To be honest, I guess I always knew that my role was somewhat shaky. Our HR was centralised in Perth, with only the Melbourne and South West offices as satellites. Twelve months before, I had left the haven and security of my role as Company Accountant and HR Manager, and had courageously taken on a dual role across HR and Special Projects.
They say success is living in the courage zone, so I was taking the steps to do this. After transitioning, it took three people to replace me in my old role. After the second person resigned in November, citing that the position was too stressful, my boss asked me if I wanted to take transition back into my previous position. I looked him in the eye and said I did not really want to go back to it, but if there was any danger with my current role then I would. He told me there was no danger, so I chose to stay.

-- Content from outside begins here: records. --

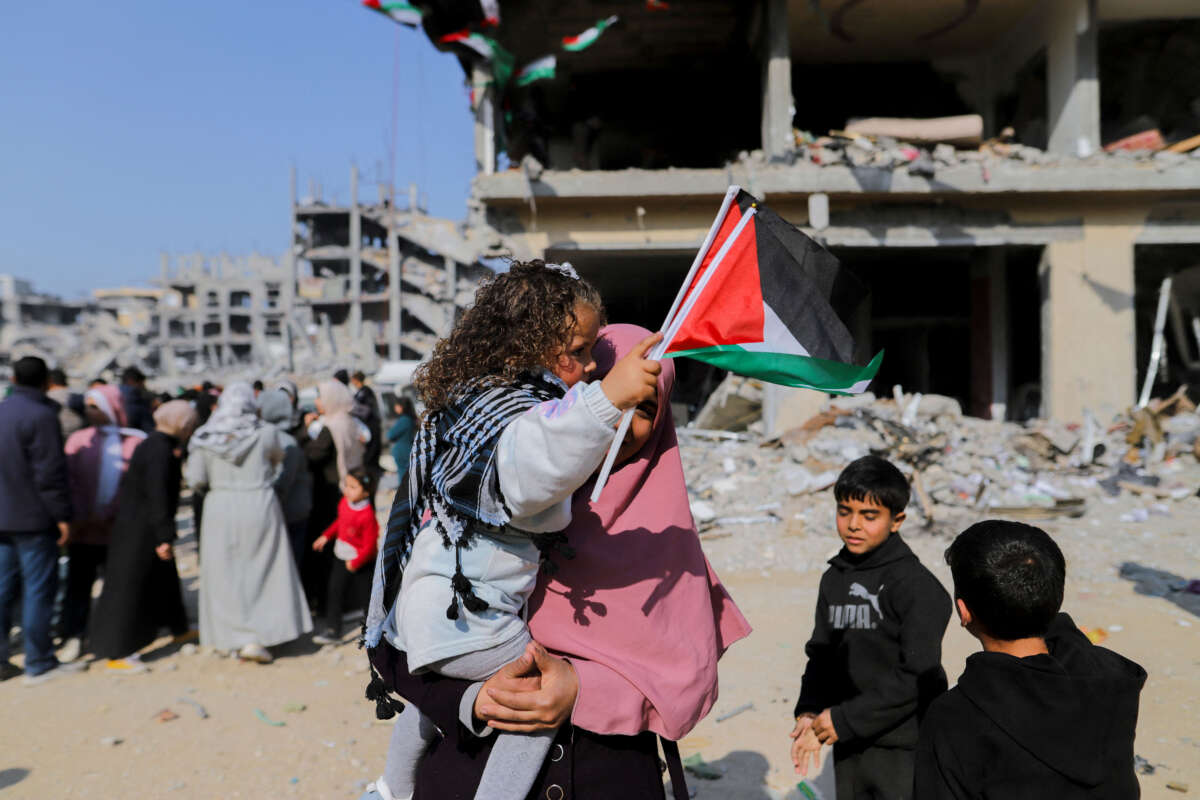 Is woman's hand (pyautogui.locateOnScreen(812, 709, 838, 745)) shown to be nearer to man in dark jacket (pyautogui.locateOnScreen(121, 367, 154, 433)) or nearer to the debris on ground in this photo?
the debris on ground

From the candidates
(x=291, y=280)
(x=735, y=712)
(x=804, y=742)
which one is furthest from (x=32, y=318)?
(x=804, y=742)

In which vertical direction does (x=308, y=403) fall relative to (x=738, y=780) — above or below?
above

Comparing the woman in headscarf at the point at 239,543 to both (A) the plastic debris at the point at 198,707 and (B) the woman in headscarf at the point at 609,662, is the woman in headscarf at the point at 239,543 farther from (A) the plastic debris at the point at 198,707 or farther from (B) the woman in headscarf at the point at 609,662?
(B) the woman in headscarf at the point at 609,662

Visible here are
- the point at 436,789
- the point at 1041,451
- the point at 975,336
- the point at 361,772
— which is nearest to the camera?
the point at 436,789

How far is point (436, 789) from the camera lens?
154 cm

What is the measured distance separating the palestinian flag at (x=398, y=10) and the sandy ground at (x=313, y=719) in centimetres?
838

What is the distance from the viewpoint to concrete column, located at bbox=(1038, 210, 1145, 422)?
409 inches

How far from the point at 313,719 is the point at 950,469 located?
698cm

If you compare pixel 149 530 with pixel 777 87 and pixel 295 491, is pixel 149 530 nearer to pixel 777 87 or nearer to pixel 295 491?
pixel 295 491

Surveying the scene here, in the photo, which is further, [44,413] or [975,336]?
[975,336]

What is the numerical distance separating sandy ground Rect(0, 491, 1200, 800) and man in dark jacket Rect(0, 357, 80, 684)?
30 cm

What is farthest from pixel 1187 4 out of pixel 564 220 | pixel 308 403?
pixel 308 403

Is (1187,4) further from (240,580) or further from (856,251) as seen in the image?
(240,580)

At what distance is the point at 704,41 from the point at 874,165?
3.95m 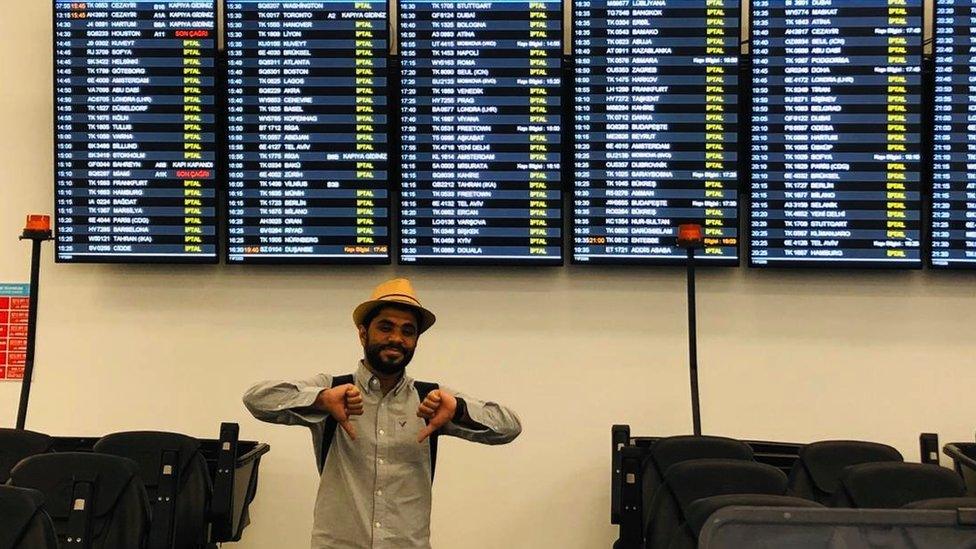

In May 2016, my five-year milestone was celebrated at an all-staff function. In the General Manger’s speech, he acknowledged how important I was to the future of the organisation. Two years’ prior, the group had selected me to be part of the first team to complete a 12-month intensive coaching program, designed to have a long-term impact on accountability and effectiveness in the group. I was one of four women chosen out of 17 executives and senior managers, from a staff of over 2000 people. Each year, I received the maximum performance bonus available to me. In June, all executives were asked to surrender their company cars in exchange for a motor vehicle allowance, so I took out a loan and bought my new car. I had also been discussing with the General Manager the building of a home in the next few months.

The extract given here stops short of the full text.